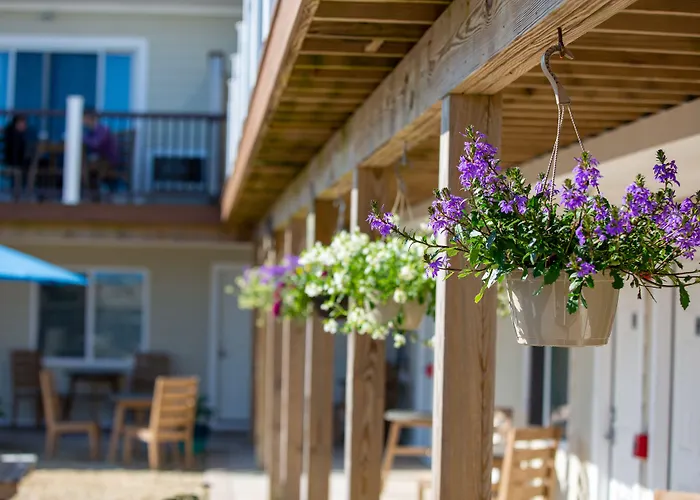 Hotels in Montauk
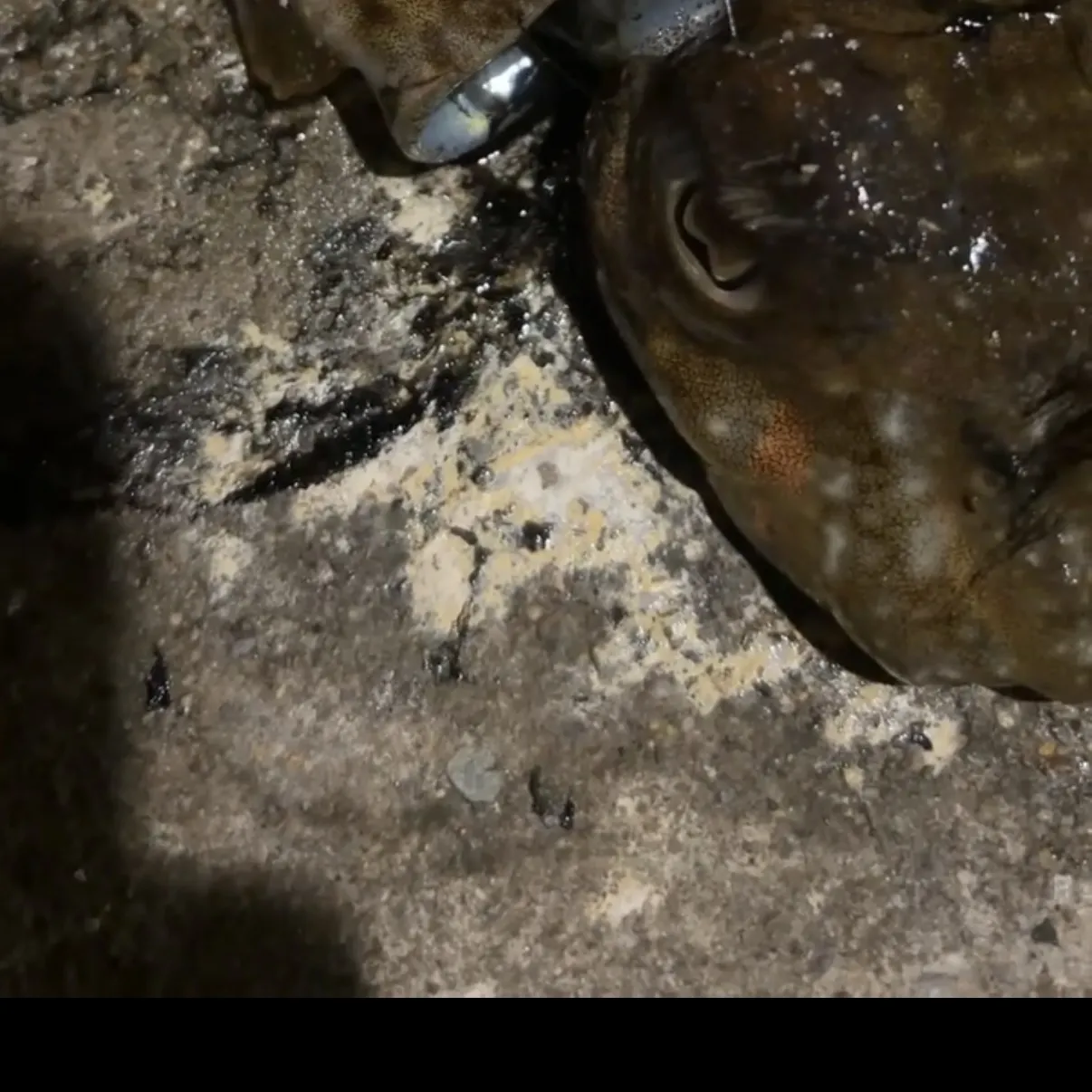 The most recent Common cuttlefish catches on Fishbrain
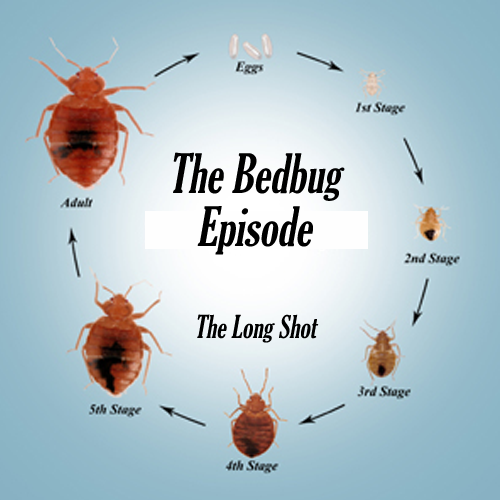 Episode #519: The Bedbug Episode featuring Steve Agee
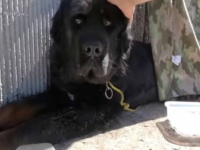 Hope For Paws～ハイウェイに犬がいる？ホームレスに置き去りにされたらしいニューファンドランド犬、無事に保護される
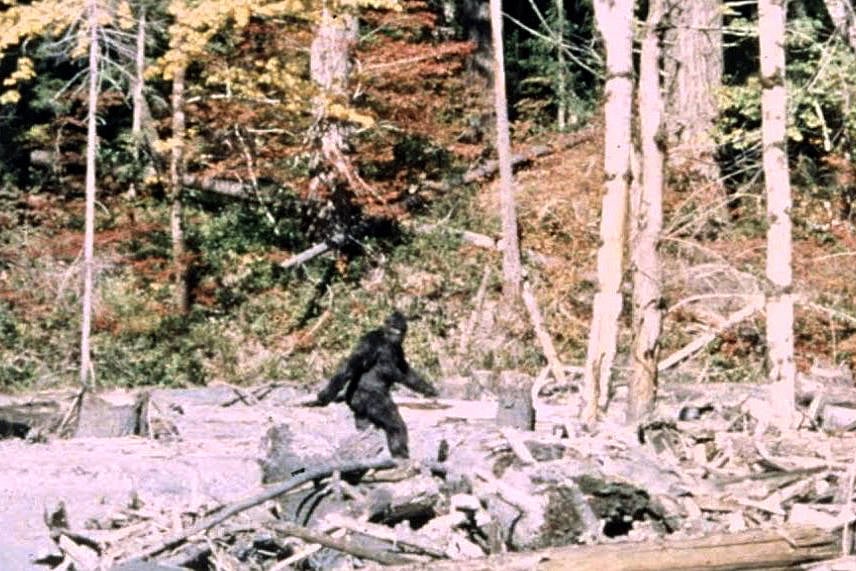 Big Foot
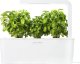 Click And Grow Click and Grow refill bazylia karłowata 3-pak 8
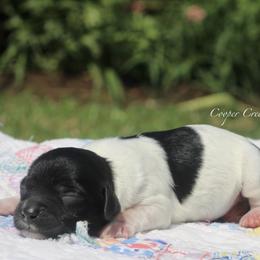 Haywood - Black and white male Bernedoodle puppy in Lowry City, Missouri from Cooper Creek Puppies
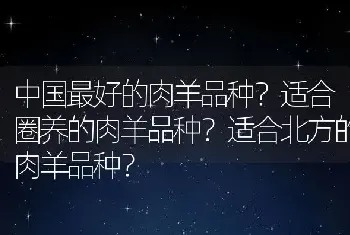 中国最好的肉羊品种？适合圈养的肉羊品种？适合北方的肉羊品种？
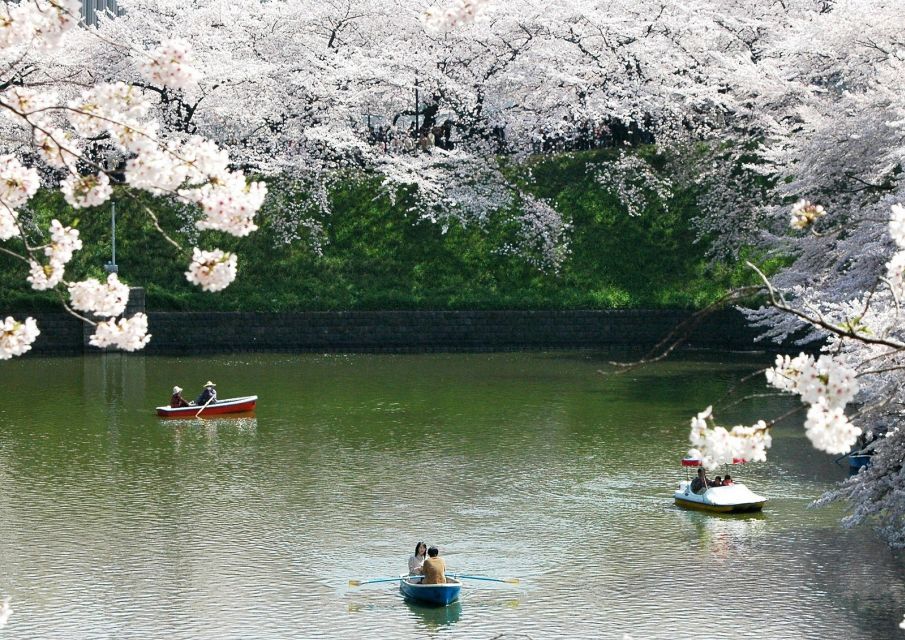 Sakura in Tokyo: Cherry Blossom Experience - Key Points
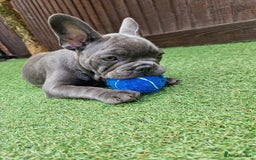 French Bulldog dogs for sale: French bulldog puppy 🐶 last little girl left - Image 8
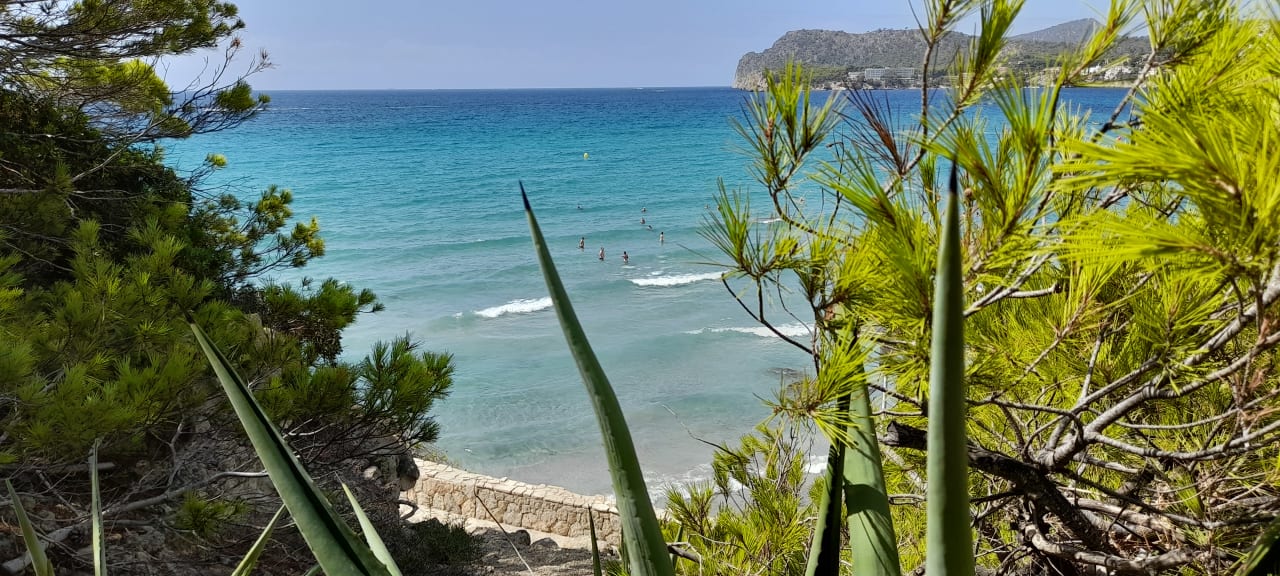 Ausblick Universal Hotel Lido Park & Spa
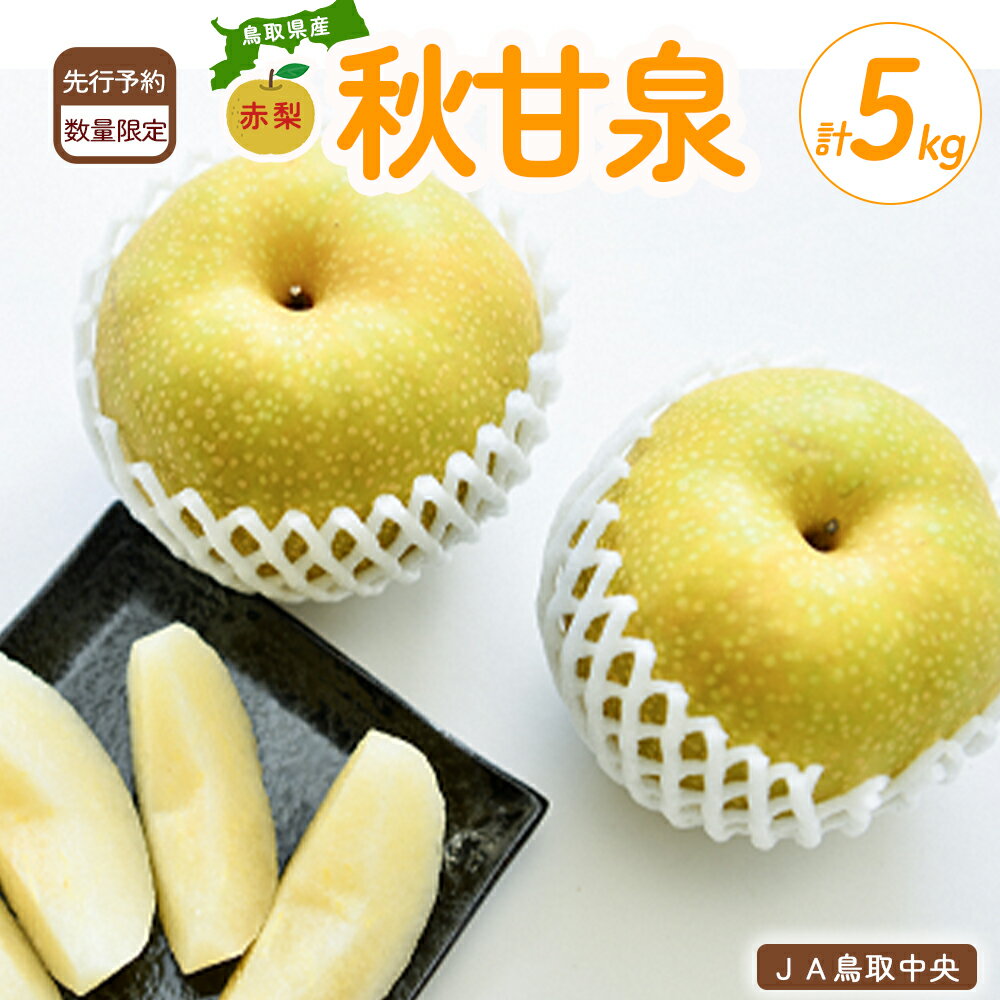 【ふるさと納税】 秋甘泉 (5kg)【倉吉産】 鳥取 梨 なし ナシ ブランド梨 あきかんせん 秋甘泉 果物 フルーツ 和梨 先行予約 数量限定 詰め合わせ 秋甘泉 甘い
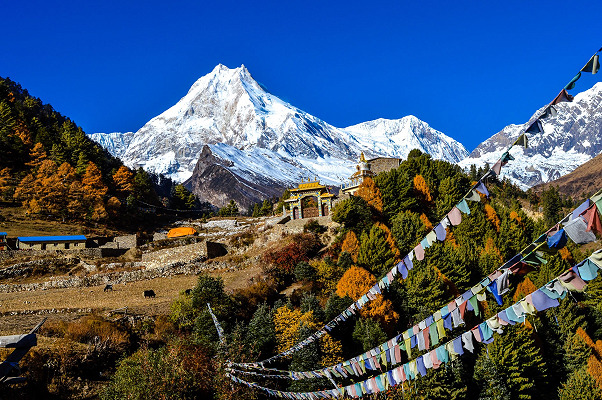 Manaslu Circuit Acclimatization Day: What to Do in Samagaon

***

#### [Assigned task]
The lines to reproduce run from the one above containing "The most recent" through the one containing "Click And Grow Click". Copy them exactly and leave out all pictures.

#### [Expected answer]
 The most recent Common cuttlefish catches on Fishbrain
 Episode #519: The Bedbug Episode featuring Steve Agee
 Hope For Paws～ハイウェイに犬がいる？ホームレスに置き去りにされたらしいニューファンドランド犬、無事に保護される
 Big Foot
 Click And Grow Click and Grow refill bazylia karłowata 3-pak 8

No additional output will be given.